The two-dimensional device simulator MINIMOS-NT [56] is an ancestor of the
well-known MOS device simulator MINIMOS 6 [57]. MINIMOS-NT is a generic
simulator accounting for a variety of materials, including group IV
semiconductors, III-V compound semiconductors and their alloys, and non-ideal
dielectrics. A stable base of material parameters for semiconductors of
interest is extracted and used for device modeling issues. MINIMOS-NT is
applicable to devices with high complexity in respect to materials, geometries,
etc. allowing state-of-the-art simulations of MOS devices
[58], HEMTs [59,60,61], SiGe HBTs [62], and
III-V HBTs [63,64]. The models are verified against statistically
analyzed measured data.
In MINIMOS-NT the simulation domain is partitioned into independent regions,
so-called segments. This partitioning is done with respect to the material
class, e.g., contacts, insulators, and semiconductors. For these segments
different sets of parameters, models and algorithms can be independently
defined. When the simulation domain is properly split into segments, there are
no abrupt changes of the material parameters within the segments. Abrupt
variations of the material parameters should only occur at the interface of two
adjoining segments.
Various important physical effects, such as bandgap narrowing,
surface recombination, and self heating, are taken into account. Heat
generated at the heterojunctions cannot completely leave the device, especially
in the case of III-V semiconductor materials. Therefore, significant
self-heating occurs in the device and leads to a change of the electrical
device characteristics.
Emphasis was also laid on bandgap narrowing as one of the crucial
heavy-doping effects to be considered for bipolar devices [65].

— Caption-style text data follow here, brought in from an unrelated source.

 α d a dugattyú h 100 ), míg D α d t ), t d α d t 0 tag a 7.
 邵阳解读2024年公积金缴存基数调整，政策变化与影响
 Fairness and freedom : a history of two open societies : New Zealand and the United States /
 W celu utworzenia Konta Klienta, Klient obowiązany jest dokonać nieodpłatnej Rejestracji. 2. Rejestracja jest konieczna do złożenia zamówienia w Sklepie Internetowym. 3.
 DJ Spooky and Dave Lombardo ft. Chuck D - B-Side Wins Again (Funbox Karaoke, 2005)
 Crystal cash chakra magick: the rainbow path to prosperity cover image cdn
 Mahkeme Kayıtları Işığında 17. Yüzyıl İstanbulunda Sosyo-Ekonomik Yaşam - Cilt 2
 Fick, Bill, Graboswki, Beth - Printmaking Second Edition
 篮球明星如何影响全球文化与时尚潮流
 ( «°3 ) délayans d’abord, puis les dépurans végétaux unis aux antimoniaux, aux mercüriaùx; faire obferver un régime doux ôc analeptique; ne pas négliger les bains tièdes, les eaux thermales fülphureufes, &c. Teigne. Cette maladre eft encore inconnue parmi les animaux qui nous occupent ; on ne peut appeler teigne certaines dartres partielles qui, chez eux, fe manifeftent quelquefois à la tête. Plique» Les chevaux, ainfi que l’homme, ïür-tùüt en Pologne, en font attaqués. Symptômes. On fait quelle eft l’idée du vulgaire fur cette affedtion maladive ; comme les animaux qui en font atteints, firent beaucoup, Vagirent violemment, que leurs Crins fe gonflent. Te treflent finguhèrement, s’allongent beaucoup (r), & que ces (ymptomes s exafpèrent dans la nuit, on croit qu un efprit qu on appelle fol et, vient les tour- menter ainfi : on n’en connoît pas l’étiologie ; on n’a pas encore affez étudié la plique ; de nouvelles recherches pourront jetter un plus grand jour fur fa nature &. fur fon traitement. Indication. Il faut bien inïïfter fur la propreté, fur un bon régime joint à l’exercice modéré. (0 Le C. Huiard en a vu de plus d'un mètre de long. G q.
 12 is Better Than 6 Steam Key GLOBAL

A new physically-based analytical bandgap narrowing model was developed,
applicable to compound semiconductors, which accounts for semiconductor
material, dopant species, and lattice temperature. As the minority
carrier mobility is of considerable importance for bipolar transistors, a new
universal low field mobility model has been implemented in MINIMOS-NT
[66]. It is based on Monte-Carlo simulation results and distinguishes
between majority and minority electron mobilities.
Energy transport equations are necessary to account for non-local effects, such
as velocity overshoot [67,68]. A new model for the electron
energy relaxation time has been presented [69] which is based on
Monte-Carlo simulation results and is applicable to all relevant semiconductors
with diamond and zinc-blende structure. The energy relaxation times are
expressed as functions of the carrier and lattice temperatures and, in the case
of semiconductor alloys, of the material composition.
Considering the nature of the simulated devices (including abrupt SiGe/Si, InGaP/GaAs and AlGaAs/InGaP heterointerfaces) and the high electron temperatures observed at maximum bias sophisticated thermionic-field emission interface models [70] in conjunction with the hydrodynamic transport model are used. At the other (homogeneous or graded) interfaces continuous quasi-Fermi levels are assumed.